Essentially, anywhere that your little one has contact with the dirt is what we are looking for!
7. Turn off Screens
If you read this blog, you’ll encounter this over and over and over again. I think that technology absolutely has a place in our kids’ lives. How could it not? It’s everywhere! Just be careful to not replace hands-on, sensory experiences with screen time. According to the CDC, the average American child spends about four hours per day in front of some sort of screen.
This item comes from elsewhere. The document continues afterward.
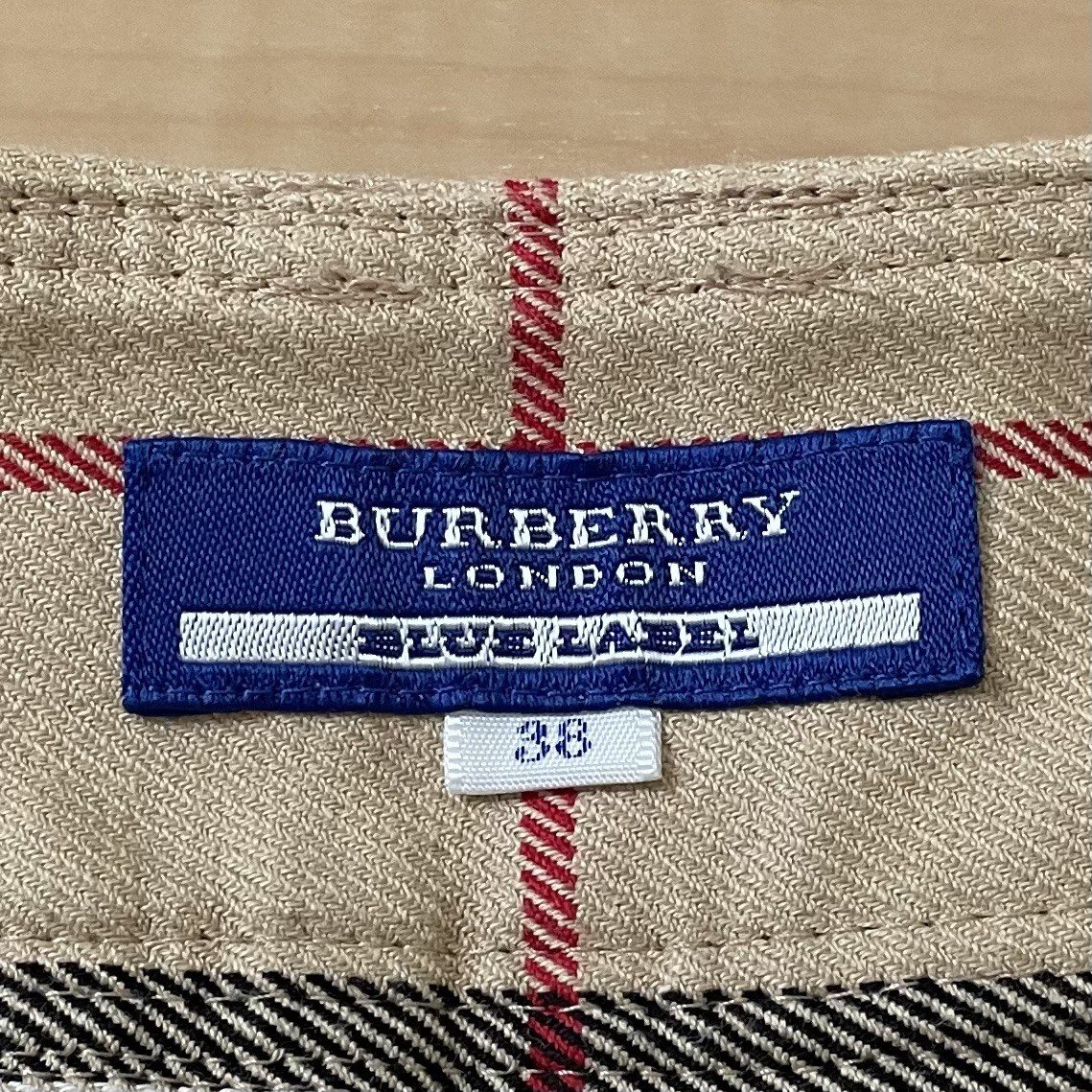 美品 BURBERRY BLUE LABEL バーバリーブルーレーベル ノバチェック柄 ストレッチ ショートパンツ ショーツ 38 ベージュ ◆_画像4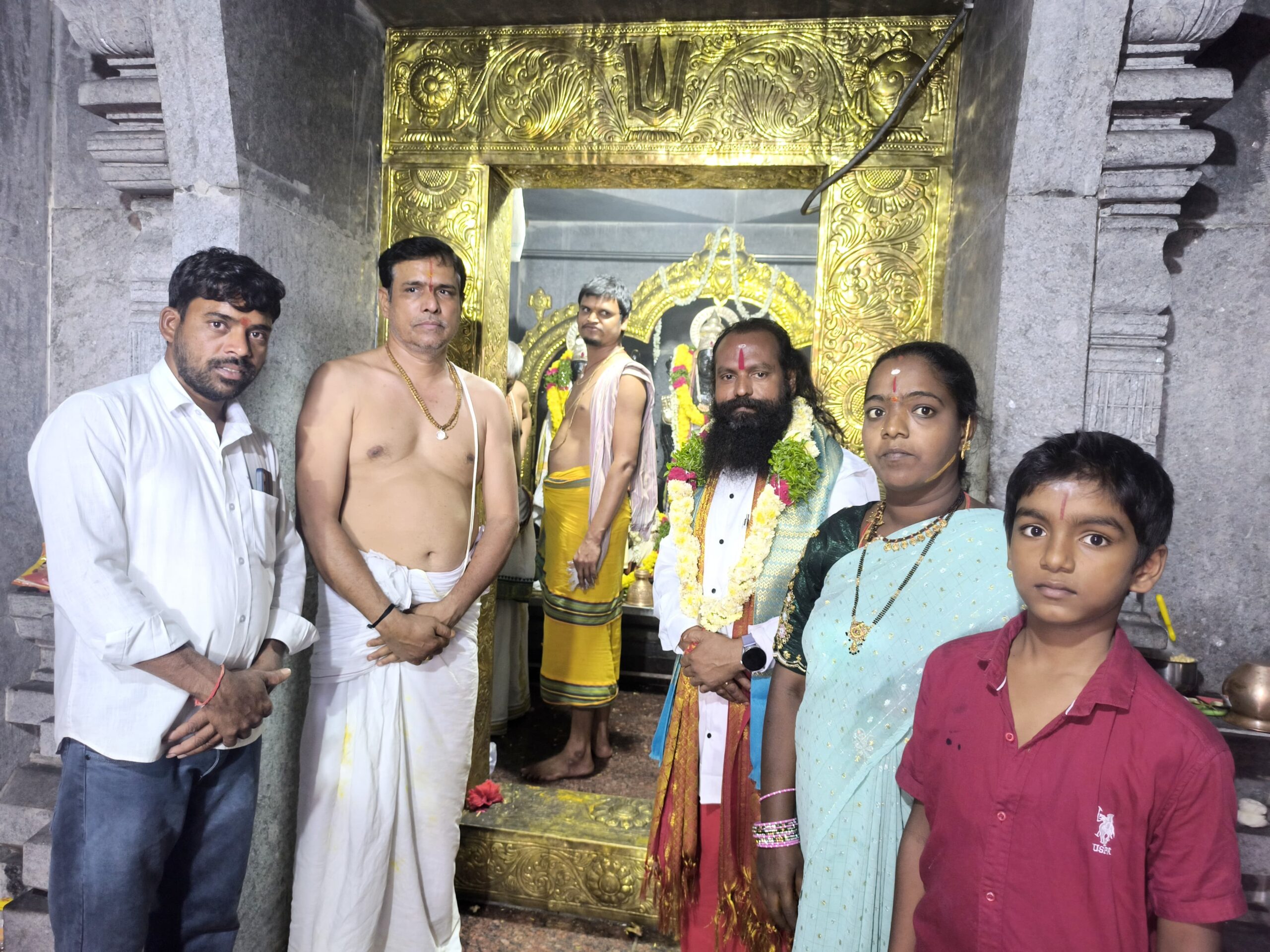 బ్రహ్మోత్సవాల్లో పాల్గొన్న రామకోటి రామరాజు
FOUR HOURS! When you think that a little one sleeps for about 10 hours each night, and about two hours during the day for naps, that’s 1/3 of their awake time!!!
Now, the CDC’s main concern is about how screen time decreases physical activity, and so increases childhood obesity and other related problems. However, playing games or watching programs for 1/3 of a child’s awake time has GOT to have an impact on their social and sensory development as well! Children who are not jumping, spinning, running, and falling are not developing their proprioceptive and vestibular senses. Kiddos staring at their phones while they wait to be served at a restaurant are missing out on the opportunity to engage with their families in conversation and appropriate social interactions.
Instead of screen time, try to provide more hands-on activities for your little ones to engage in. If the material is interesting (and most materials are to them!), children do not mind playing by themselves for awhile while you get some stuff done!
So there you go!
What do you like to do to foster creativity in your home?